Cruise lines are turning more to advanced revenue management systems driven by piles of data and predictive analytics.
“We have worked with cruise lines to enhance their revenue management and pricing techniques that they have had in place since the early to mid-1990s,” said Matt Busch, partner at Revenue Analytics.
According to Busch, cruise lines have typically taken more traditional approaches, looking at available inventory and opening and closing cabin categories as necessary.
“They didn’t have the tools to tell them ‘This price makes sense in your market, and this is how we expect customers to react,’” he said.
Using predictive analytics can help avoid last minute price drops through better data modeling. Enter Atlanta-based Revenue Analytics.
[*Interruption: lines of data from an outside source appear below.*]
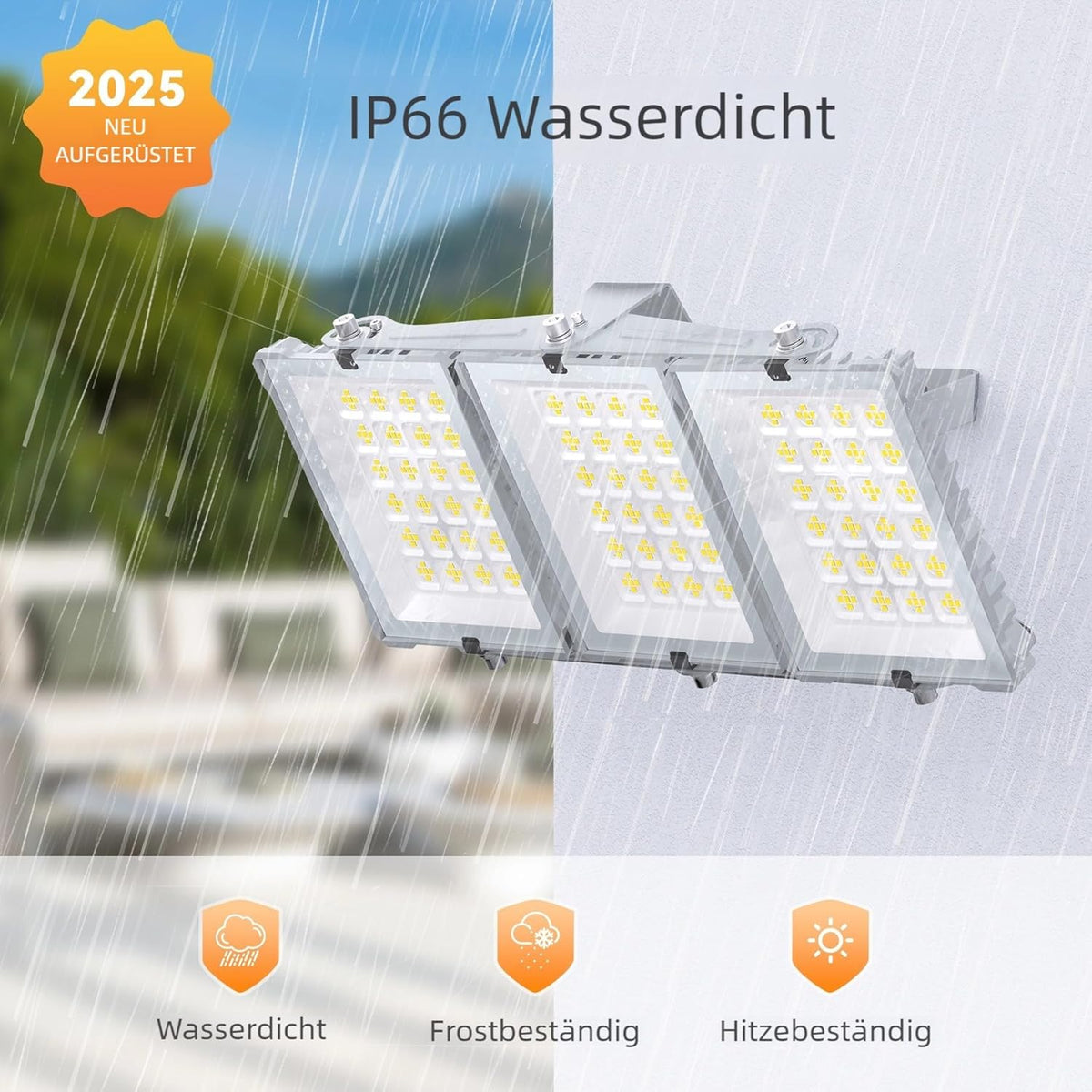 SOLLA 300 W led-schijnwerper voor buiten, ultra helder, 30.000 lumen, 6000 K, daglicht, wit, IP66 waterdicht, stadioverlampen, 3 heads outdoor floodlight, veiligheidsverlichting voor tuinen, patio's,
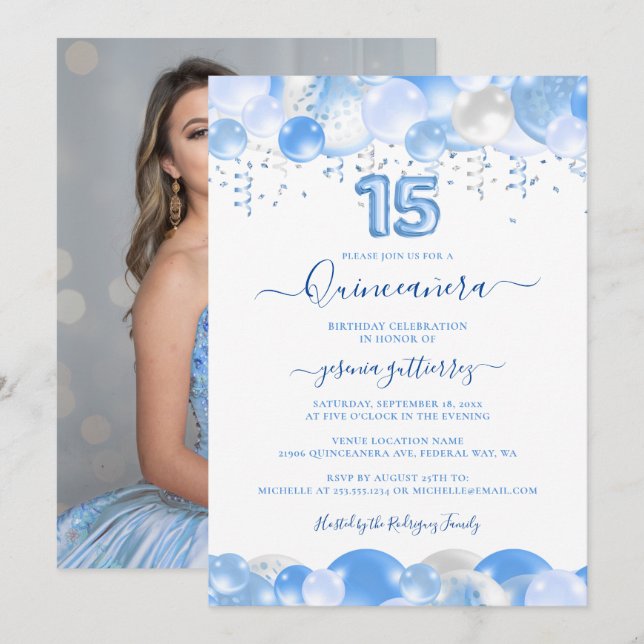 Blue Balloon Sparkle Quinceañera Foto Einladung (Vorne/Hinten)
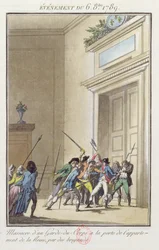 Mobb av parisare som attackerar och dödar vakten vid ingången till drottningens lägenheter i Versailles 6 oktober 1789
“The industry is coming off a long journey of recovery,” continued Busch. “There was a cycle of desperation with last minute price dropping, really destructive competition, and sales.
“Cruise lines have, generally speaking, embraced the idea of revenue management from an inventory perspective and started to understand booking behaviors and segmentation. The industry has learned a lot, and there is a lot of embedded data in terms of what to do and what not to do.”
For example, Busch explained, demand may spike for shorter Caribbean sailings between four and six weeks out, and traditionally, lines had a poor understanding of demand at certain points based on price.
One big question facing operators is how to drive demand.
“There are trade off decisions beyond price,” added Busch. Those could include disguising outright discounts with onboard credits, or ticket price reductions for the second guest.
“That is something to expect going forward: maintaining integrity and avoiding destructive price competition,” he noted. “I don’t think anyone wants to be the JCPenney of the cruise industry.
“One important thing is to understand how demand responds to your price position,” Busch said.